Philip Kaufman’s 1978 remake of Don Siegel’s rightfully beloved 1956 Invasion of the Body Snatchers has always been embraced as a successful reimagining of the classic existential terror of identity theft made sci-fi—yet has it ever gotten its full due? Aside from a memorably hyperbolic review by Pauline Kael upon its release, Kaufman’s film has always seemed to receive a general pat on the back for its efficiency as a scare machine (undeniable) and the cleverness of its conceit, updating the metaphor of aliens propagating mass conformity from the American suburbs to the post-free love urban anxiety of San Francisco (tenuous). Yet what Kaufman most gets right is something more direct: an almost perfect intermingling of the physical and the psychological, a horror film that functions as an emotional, humane allegory on the difficulty of maintaining the self as well as a confrontation with the sickening realities of the flesh.

In a sense, Kaufman, who never made another horror film, gets at the pallor and grit of body horror better than even Cronenberg ever has (with perhaps the exception of The Fly, another remake). Much of the fun of Kaufman’s Invasion comes from the decimation of the new-agey psychobabble uttered by Leonard Nimoy’s celebrity quack doctor, and Jeff Goldblum’s incredulous reactions to it (a precursor to his Jurassic Park skeptic); but most of the unpleasantness (a must in horror) comes from Kaufman’s refusal to shy away from the actual physical transformation—implosions, disintegrations—that must occur for the alien seeds to fully take over our planet. No longer simply a tidy way of getting at the anxieties of the modern age (all the Invasion adaptations, including this year’s woebegone, machine-tooled update, take a stab at social relevancy), this revision makes the interior exterior, the horror coming from within and without. Cronenberg foregrounds his theses too much, especially in this period of filmmaking, basing his films seemingly solely on his own studied theories on the body politic, and the narrative strain always shows. Kaufman’s film, from a superlative script by W.D. Richter (who also wrote, oddly, Jodie Foster’s wonderful Home for the Holidays), is developed with character, plot, motivation…the narrative directess that so often eludes Cronenberg.

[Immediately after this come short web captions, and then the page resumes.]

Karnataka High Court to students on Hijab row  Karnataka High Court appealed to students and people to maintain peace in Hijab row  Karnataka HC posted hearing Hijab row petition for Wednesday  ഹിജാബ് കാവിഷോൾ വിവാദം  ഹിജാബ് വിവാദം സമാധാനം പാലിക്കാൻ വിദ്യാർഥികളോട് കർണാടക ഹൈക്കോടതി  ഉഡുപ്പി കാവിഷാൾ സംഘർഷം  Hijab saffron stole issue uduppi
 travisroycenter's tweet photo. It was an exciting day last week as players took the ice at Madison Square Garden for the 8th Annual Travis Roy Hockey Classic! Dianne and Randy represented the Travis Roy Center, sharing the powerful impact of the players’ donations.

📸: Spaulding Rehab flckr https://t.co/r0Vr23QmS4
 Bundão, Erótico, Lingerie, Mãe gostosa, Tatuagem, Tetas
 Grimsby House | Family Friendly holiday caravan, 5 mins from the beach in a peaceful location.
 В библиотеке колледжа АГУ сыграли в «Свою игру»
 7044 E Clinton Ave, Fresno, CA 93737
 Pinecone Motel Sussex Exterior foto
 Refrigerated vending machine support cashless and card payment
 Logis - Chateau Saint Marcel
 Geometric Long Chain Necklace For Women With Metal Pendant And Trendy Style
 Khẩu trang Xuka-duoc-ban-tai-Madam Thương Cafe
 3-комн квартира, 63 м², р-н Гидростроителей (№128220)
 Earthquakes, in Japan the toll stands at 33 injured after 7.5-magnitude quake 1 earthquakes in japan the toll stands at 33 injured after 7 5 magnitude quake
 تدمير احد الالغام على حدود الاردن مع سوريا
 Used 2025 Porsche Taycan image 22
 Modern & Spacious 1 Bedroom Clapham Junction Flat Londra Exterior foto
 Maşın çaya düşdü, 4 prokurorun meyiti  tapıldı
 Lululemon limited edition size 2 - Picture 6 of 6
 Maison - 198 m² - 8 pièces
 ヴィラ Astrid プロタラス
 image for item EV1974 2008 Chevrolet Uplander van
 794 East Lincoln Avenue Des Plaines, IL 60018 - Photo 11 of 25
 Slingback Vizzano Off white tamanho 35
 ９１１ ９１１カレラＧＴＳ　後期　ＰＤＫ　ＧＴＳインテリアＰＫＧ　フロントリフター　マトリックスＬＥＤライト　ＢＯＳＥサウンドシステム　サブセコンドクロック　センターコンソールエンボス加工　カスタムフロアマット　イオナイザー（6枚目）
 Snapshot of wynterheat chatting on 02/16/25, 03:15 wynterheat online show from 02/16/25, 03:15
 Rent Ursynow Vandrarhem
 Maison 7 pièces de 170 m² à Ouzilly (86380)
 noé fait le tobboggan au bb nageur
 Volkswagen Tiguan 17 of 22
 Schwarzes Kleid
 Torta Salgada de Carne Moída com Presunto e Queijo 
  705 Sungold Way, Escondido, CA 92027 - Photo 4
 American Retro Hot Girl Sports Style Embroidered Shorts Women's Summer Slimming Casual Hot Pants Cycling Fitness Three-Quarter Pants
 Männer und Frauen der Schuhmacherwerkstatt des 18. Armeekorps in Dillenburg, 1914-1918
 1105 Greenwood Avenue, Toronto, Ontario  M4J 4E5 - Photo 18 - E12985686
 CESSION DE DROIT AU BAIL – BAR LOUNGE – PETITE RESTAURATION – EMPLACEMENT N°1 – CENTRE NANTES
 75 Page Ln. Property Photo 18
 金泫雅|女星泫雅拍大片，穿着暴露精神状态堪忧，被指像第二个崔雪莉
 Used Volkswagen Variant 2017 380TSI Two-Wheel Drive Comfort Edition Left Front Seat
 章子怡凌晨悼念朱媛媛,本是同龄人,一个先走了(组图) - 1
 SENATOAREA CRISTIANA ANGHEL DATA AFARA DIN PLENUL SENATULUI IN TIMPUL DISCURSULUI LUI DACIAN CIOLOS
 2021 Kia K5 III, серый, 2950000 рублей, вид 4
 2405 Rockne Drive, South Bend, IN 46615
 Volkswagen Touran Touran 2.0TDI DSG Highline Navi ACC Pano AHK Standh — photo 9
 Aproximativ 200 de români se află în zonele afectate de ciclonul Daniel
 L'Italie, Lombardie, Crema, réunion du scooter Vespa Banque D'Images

Body Snatchers ‘78 works in the same register as John Carpenter’s terrifically scary 1982 The Thing, creating an agonizing, “who can you trust?” situation and then letting the fears explode from within. Carpenter’s film is slightly less fearful of being tagged as a “B-movie,” which makes it even more trustworthy than Kaufman’s film, which aspires to something more self-consciously artful. Yet Kaufman’s technique feels appropriately off in the way it mixes the methodical paranoia thriller of the 70s (Sutherland’s phone-booth montage, in which everyone seems to know his name at every government hotline he calls, feels right out of Pakula) with the yucky creature feature. Two unforgettable moments are only achievable through prosthetics: Matthew surmising a gradually forming double of himself that’s slid out of a pod, before hacking its face to bits with one thwack of a garden hoe (in sickening close-up); and a remarkable shock cut to a pod-person that’s inadvertently been transformed into a dog with a human face, a mutation that’s all the creepier for the casual way in which the other pod people regard it.

Kaufman’s most famous addition to the Body Snatchers legacy was the memorably horrific sound the pod people make when they open their mouths; with Edvard Munch-like gaping maws, they screech an unholy otherworldly sound, meant to identify those who haven’t been transformed yet. This leads to a final scene that’s not only the scariest in the entire series but also perhaps the greatest ending in the history of horror films: the final five minutes of Kaufman’s film are so expertly directed, acted, and calibrated to audience expectations, so smartly adhering to the manner in which we watch movies and the way we allow editing and composition to relate stories to us, that his final trick is like a slap in the face. The effect is devastating, even more so than that hand from the grave in Carrie. And all that’s left is silence; Kaufman zooms into a mouth’s black hole, traps us inside the body, and as the credits roll, doesn’t even give us the comfort of music. —MK

Fifth Night:
Paperhouse

Here’s something strange: a not quite supernatural, almost-horror, killing-free, absolutely terrifying British film from the late 1980s. Still not available on DVD in the U.S., Paperhouse, from Bernard Rose (who went on to make 1992’s unsettling, if ultimately excessive racial alle-gory Candyman), is one of those movies that largely takes place in the literal world of nightmares. This sort of narrative framework usually gives filmmakers carte blanche to go to any lengths necessary to achieve their effects, atmosphere, scares, etc—to abandon logic in the face of dream space and temporality. The results can be predictable, lazy, or unrestrained; outside of David Lynch’s sui generis oeuvre, the dream world is difficult to capture yet easy to exploit. Even the slasher granddaddy of dream films, A Nightmare on Elm Street, quickly degenerated into a random assemblage of creepy pops and jolts; and—with the exception of the ridiculously coherent gay metaphor in Part 2: Freddy’s Revenge—the sequels aren’t even worth writing about.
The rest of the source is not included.